Captain Billings, I was pleased to see, noticed my activity, giving me an approving smile, which more than counterbalanced the scowl that Macdougall greeted my reappearance with below; but all such thoughts were soon banished by the skipper’s fresh order to go aloft and take in the topsail we had only just close-reefed, the vessel being buried too much by the head.
Away up the rattlins we all climbed again; while those below, on the halliards being started by the run, began hauling on the clewlines and buntlines, bagging up the sail so that we could hand it easier. It was stiffer work furling it than the reefing had been; but, at length this, too, was accomplished, albeit I nearly narrowly got knocked off the yard-arm by the flapping back of the folds of canvas in my face as the wind caught the leech sideways. We then returned once more to the more substantial platform of the deck, glad enough to get down safe again.
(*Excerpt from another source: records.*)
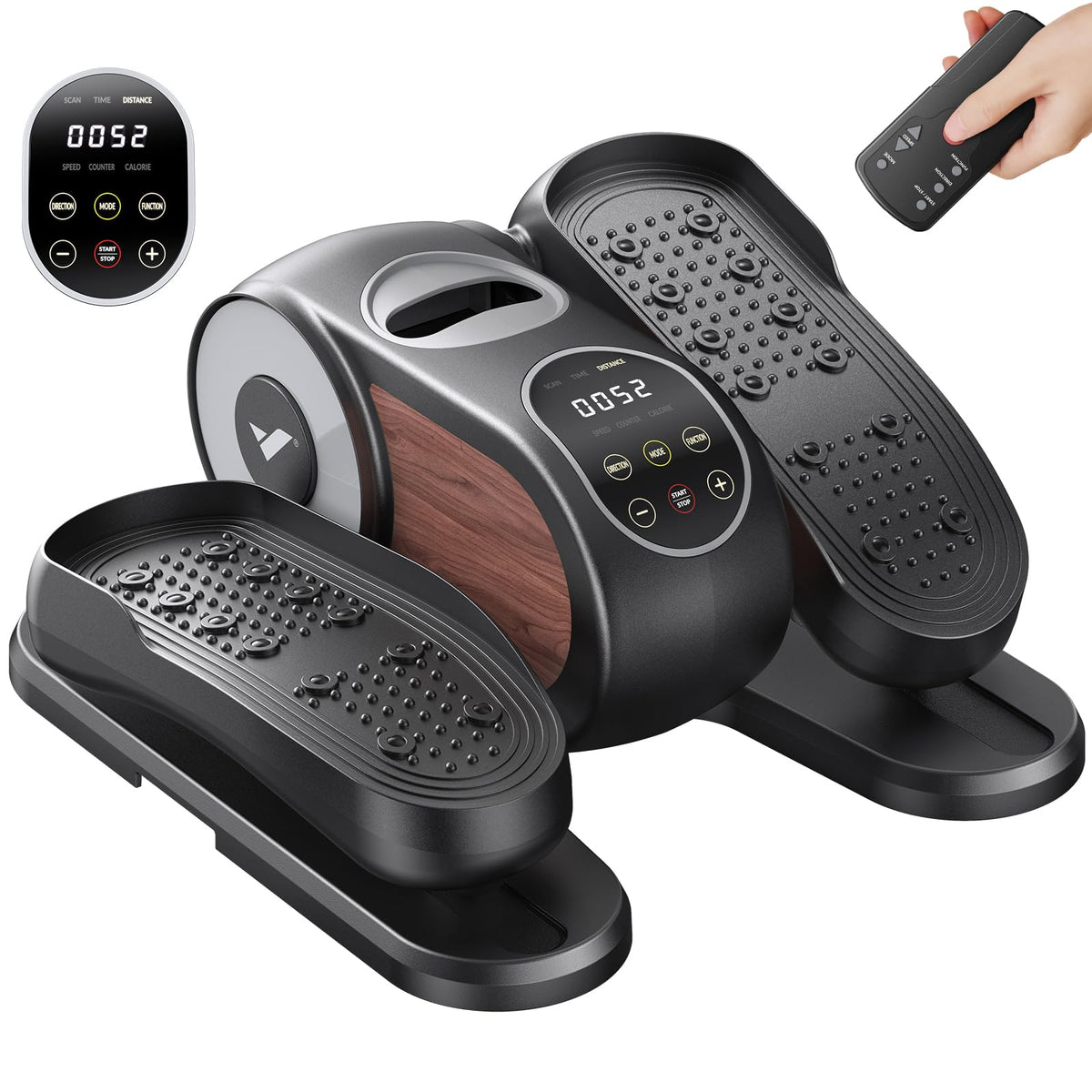 MERACH Under-Desk Elliptical Leg Exerciser for Seated Workouts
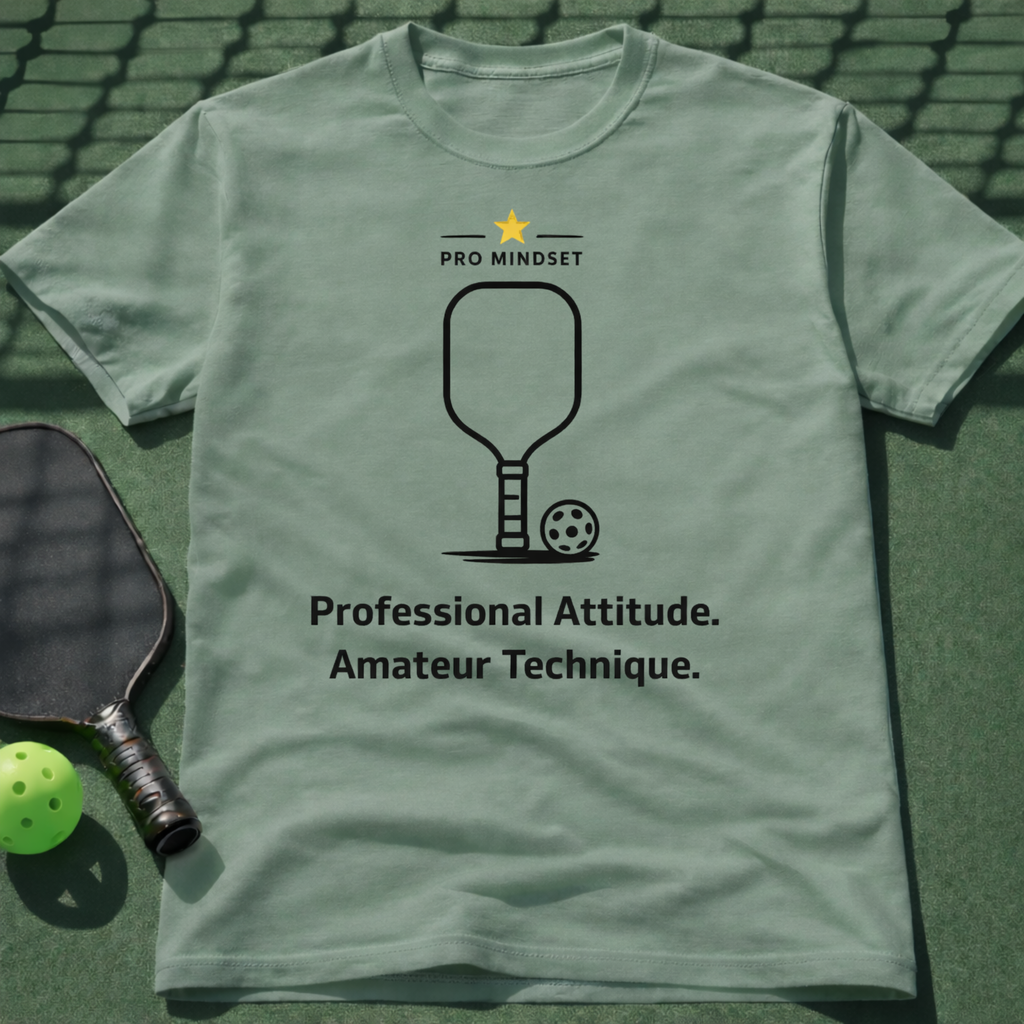 Professional Attitude. Amateur Technique. T-Shirt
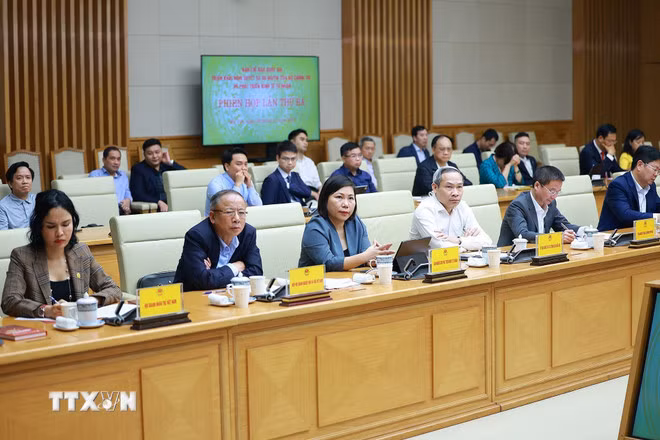 Thủ tướng: Phát triển kinh tế tư nhân với tất cả niềm tin, hành động, thực chất, hiệu quả, đột phá -0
“Let go the jib halliards!” was the next command, some of the hands starting forwards to man the down haul; but the moment the halliards were cast loose, the accommodating sail saved us any further trouble in the way of stowing it, by blowing clean away to leeward with a report as if a small cannon had been fired off on the fo’c’s’le—floating out against the dark background of the sky like a child’s kite whose string has parted and let it go to grief, tumbling down from its soaring height, and disappearing in the dim distance to leeward, where the clouds had already vanished.
The ship was now only under her close-reefed main-topsail and reefed foresail, all the rest of her canvas having been taken off her by degrees; still, she laboured so greatly, and got such a list to leeward—with the topmasts bent like fishing rods under the strain, while the weather shrouds were as taut as fiddle-strings, and those on the port side hung limp and loose through the stretching of the rigging—that the skipper saw she would not stand driving any more. The only thing now to be done, he thought, was to lay her to, so that, as he could not get her any further on her forward journey, she should not, at all events, lose the progress she had already made save by leeway drift, which of course was unavoidable.